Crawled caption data
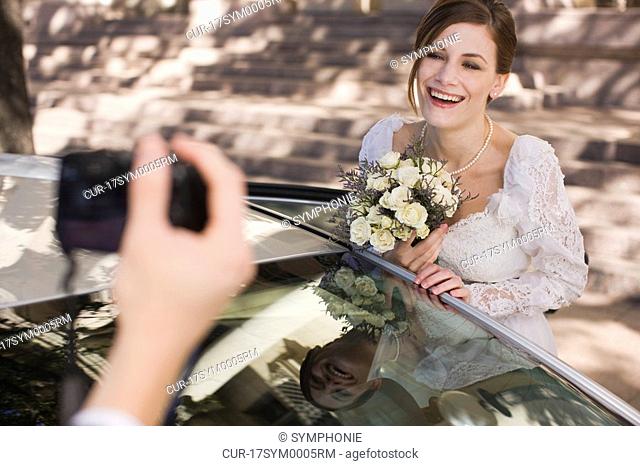 groom taking picture of bride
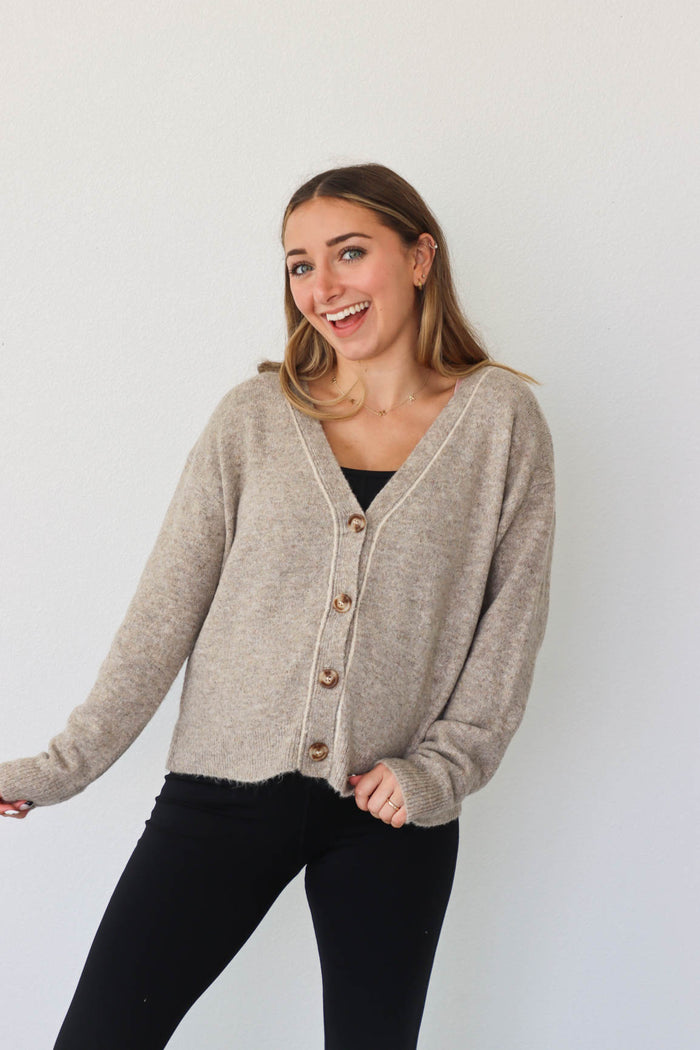 girl wearing tan knit cardigan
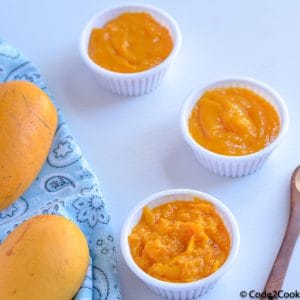 3 types of mango puree served in white remkins.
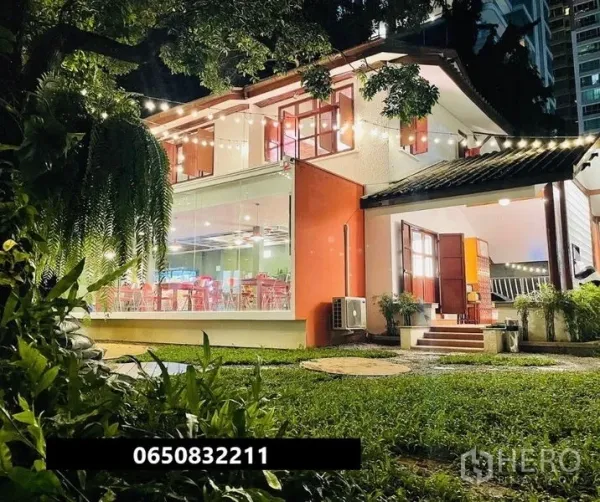 Retail Space for rent in Pathum Wan, Bangkok - Two-storey glass-fronted retail house with lawn and festoon lighting at night.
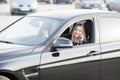 Young happy woman bought new modern car Royalty Free Stock Photo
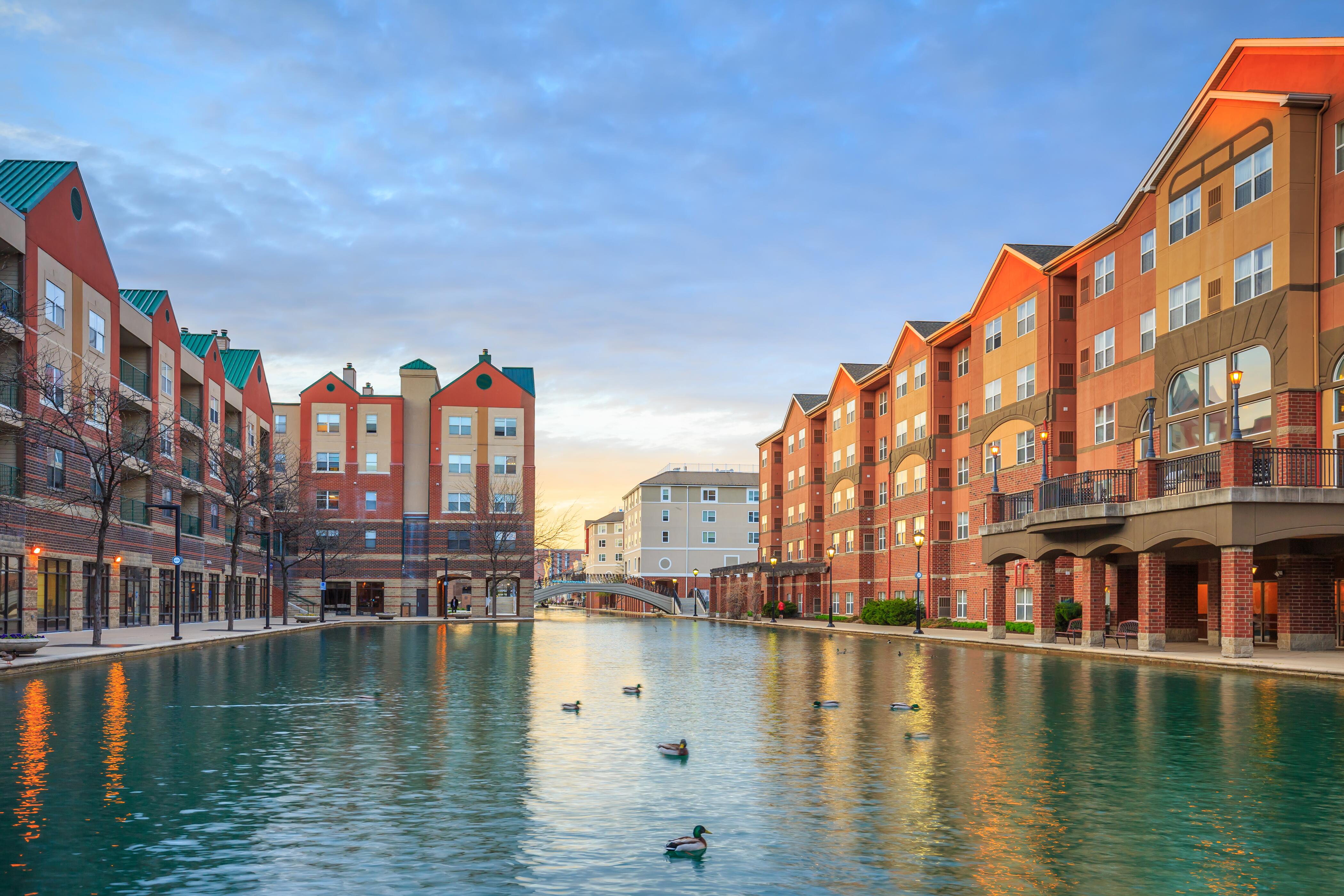 Downtown Indianapolis contemporary style buildings near Central Canal Walk with ducks swimming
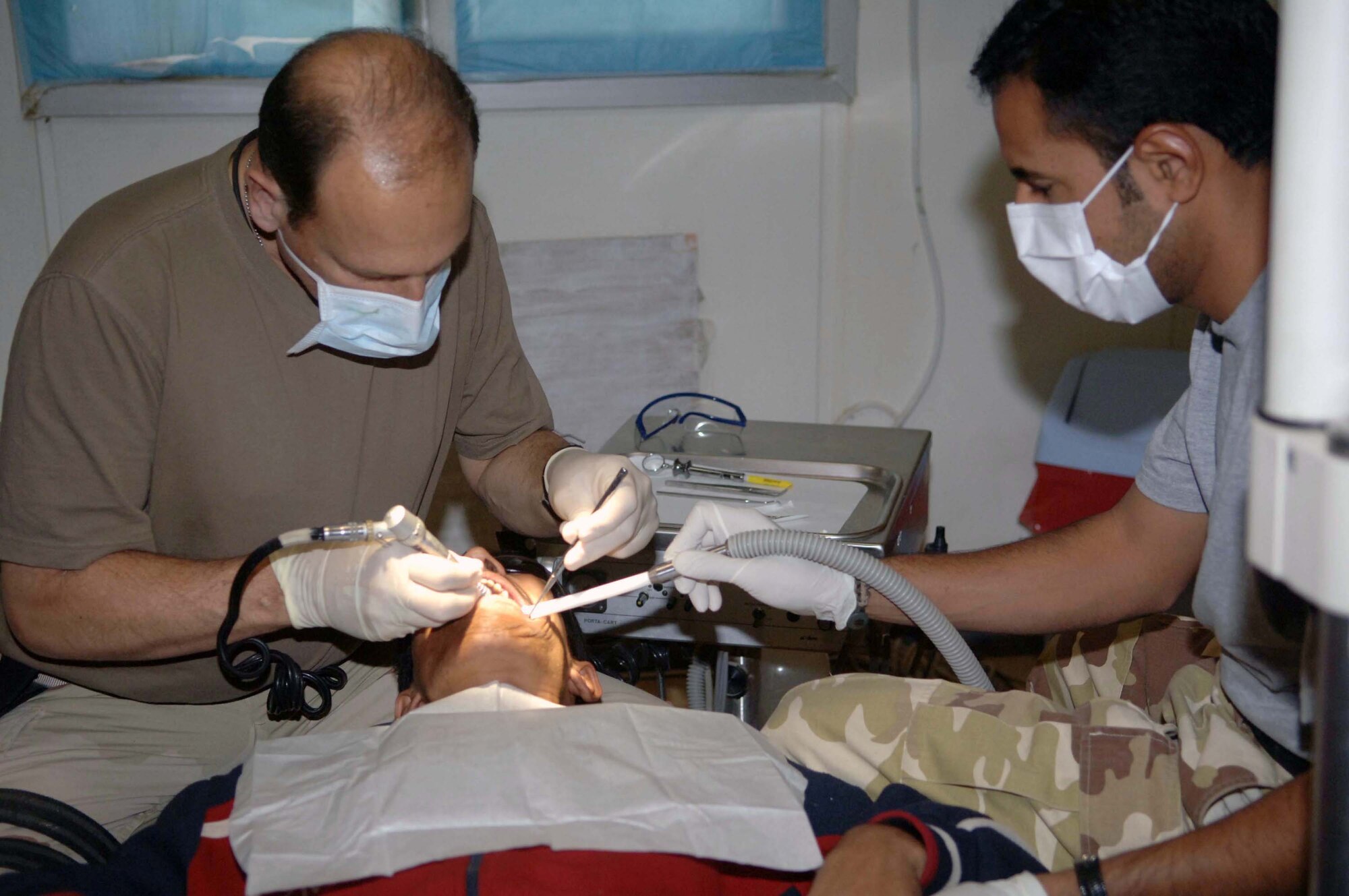Lt. Col. Robert Beck performs a root canal with the assistance of an Iraqi dental technician Dec. 5 at Victory Base Complex, Iraq. The Iraqi soldiers work side by side with the Airmen during procedures to get hands on experience and guidance as they prepare to take over the clinic. Colonel Beck, a Special Operations Iraqi Transition Team dental adviser, is deployed from Offutt Air Force Base, Neb. (U.S. Air Force photo/Senior Airman Terri Barriere)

- **What is expected**
Give back, word for word, the lines from the line that contains "girl wearing tan knit cardigan" through the last line of the records, with no pictures and nothing else.

- **Answer space**
 girl wearing tan knit cardigan
 3 types of mango puree served in white remkins.
 Retail Space for rent in Pathum Wan, Bangkok - Two-storey glass-fronted retail house with lawn and festoon lighting at night.
 Young happy woman bought new modern car Royalty Free Stock Photo
 Downtown Indianapolis contemporary style buildings near Central Canal Walk with ducks swimming
Lt. Col. Robert Beck performs a root canal with the assistance of an Iraqi dental technician Dec. 5 at Victory Base Complex, Iraq. The Iraqi soldiers work side by side with the Airmen during procedures to get hands on experience and guidance as they prepare to take over the clinic. Colonel Beck, a Special Operations Iraqi Transition Team dental adviser, is deployed from Offutt Air Force Base, Neb. (U.S. Air Force photo/Senior Airman Terri Barriere)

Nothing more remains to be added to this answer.